Joy hasn't come easily for me. Maybe it's my chronic melancholy. But it's not how I see and experience life. As much as I wish it were different my natural drift is not to 'live in the moment' or 'celebrate life'  but to worry and see a catastrophe just around the corner. And can I get stuck in un-joyful (okay obsessive) thoughts and feelings.

Yet joy is described as the natural fruit of loving and trusting God more deeply.  Joy shows up everywhere in the Scriptures. There was a time in my spiritual journey when I was frustrated by the obvious gap. Today I see it more as the slow and steady work of the Spirit in my life. Joy is not something I try harder to produce but something that emerges from a life of steady dependence.

I also think differently about what joy looks like these days.

  • Joy is quiet trust in God when I feel helpless and inadequate
  • Joy is a calm confidence when facing adversity
  • joy is my internal world being peaceful and settled whatever is going on with my external world
  • Joy is a hope-filled outlook on the future

 

It's quite freeing when we begin to live from a place of gratitude for what the spirit is gradually producing.  

I recently spent an evening encouraging a friend who is facing a challenging season he's not sure he can endure.

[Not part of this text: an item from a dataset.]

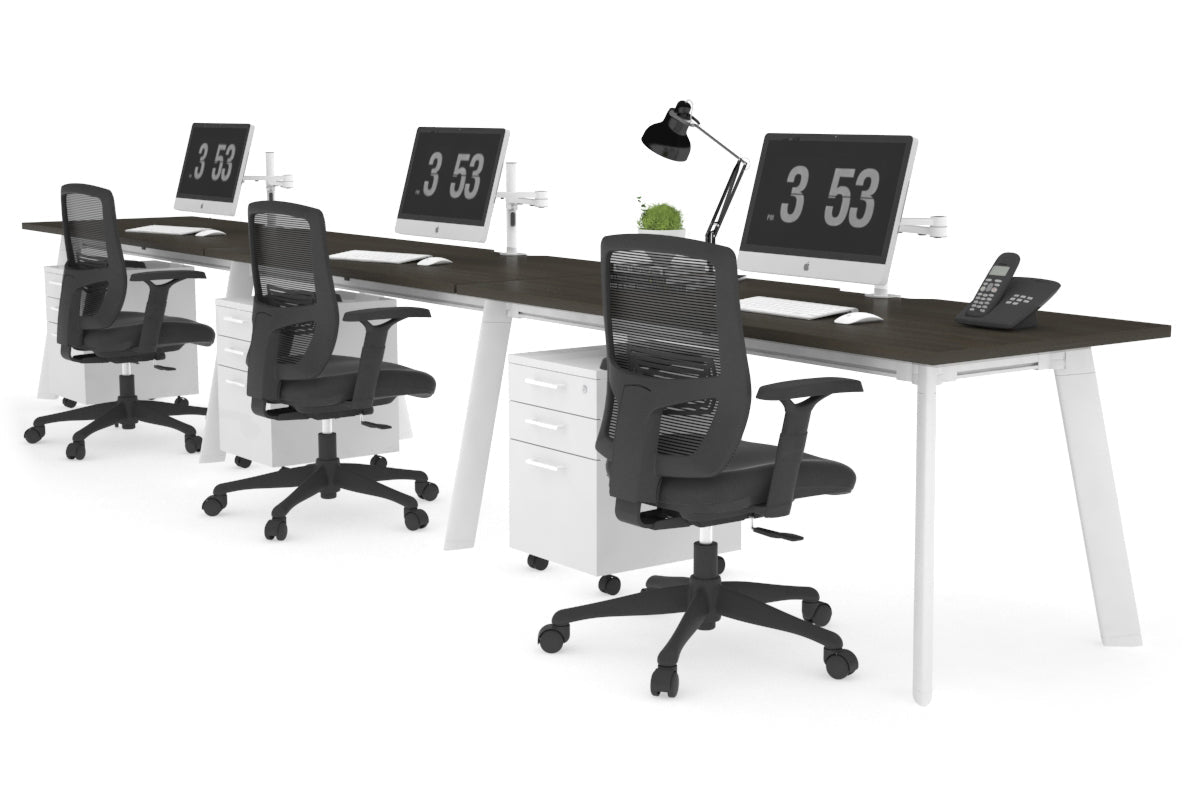 Switch - 3 Person Office Workstation Run [1400L x 800W with Cable Scallop] Jasonl white leg dark oak 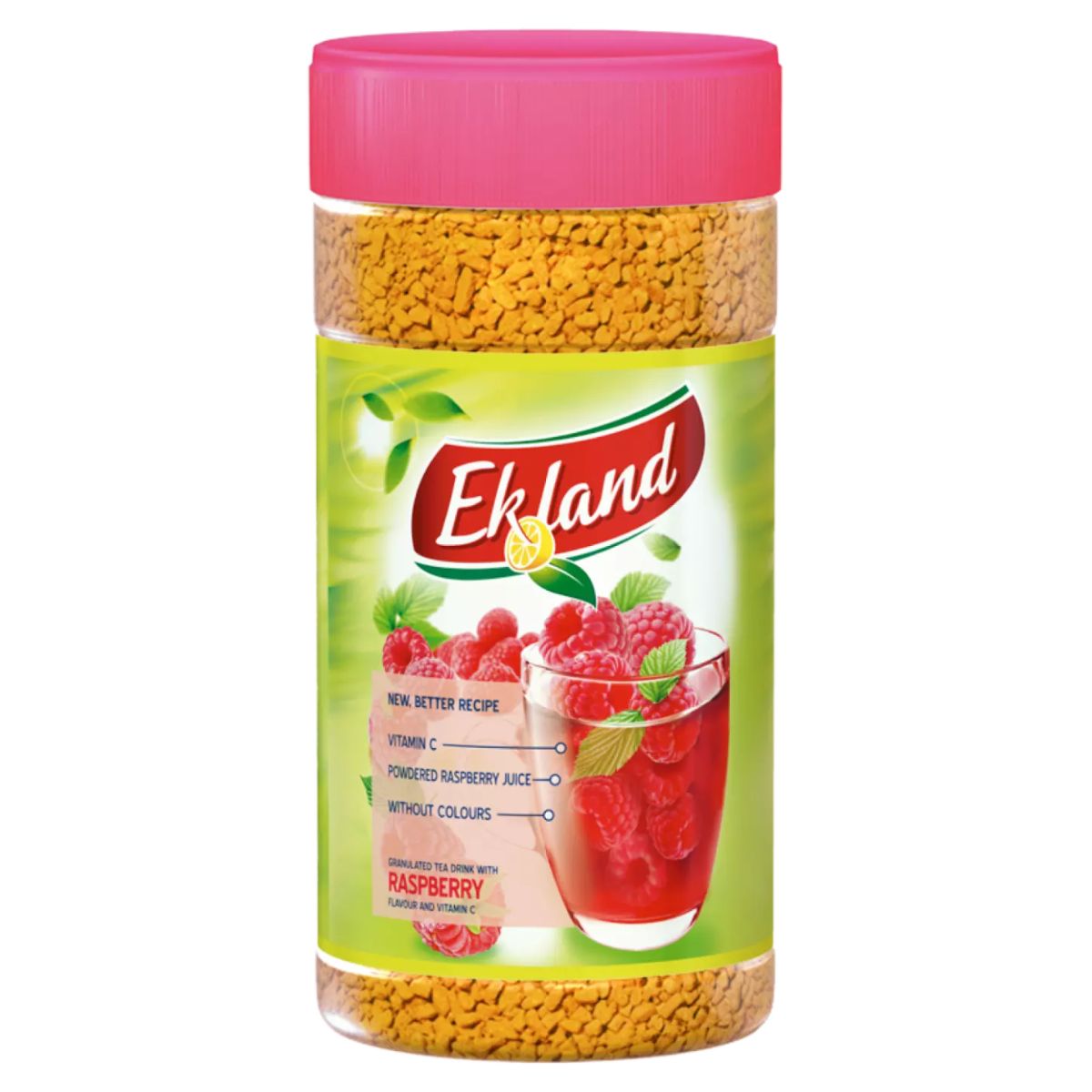 A jar of Ekoland raspberry powder.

This is a portion of a note I received from him this week.

Maybe instead of thinking of joy as a smile on your face or lightness in your voice ... maybe it's just the peace of knowing and believing that God has the situation under control, the gladness that he has it, so you don't have to. It might be hard for a chronic melancholic to display the former, but you surely display the latter, and that gives me joy.

There is something wonderful and mysterious about God changing us in deep ways. Not sure I have words to describe it.

Inexpressible and glorious seem to fit.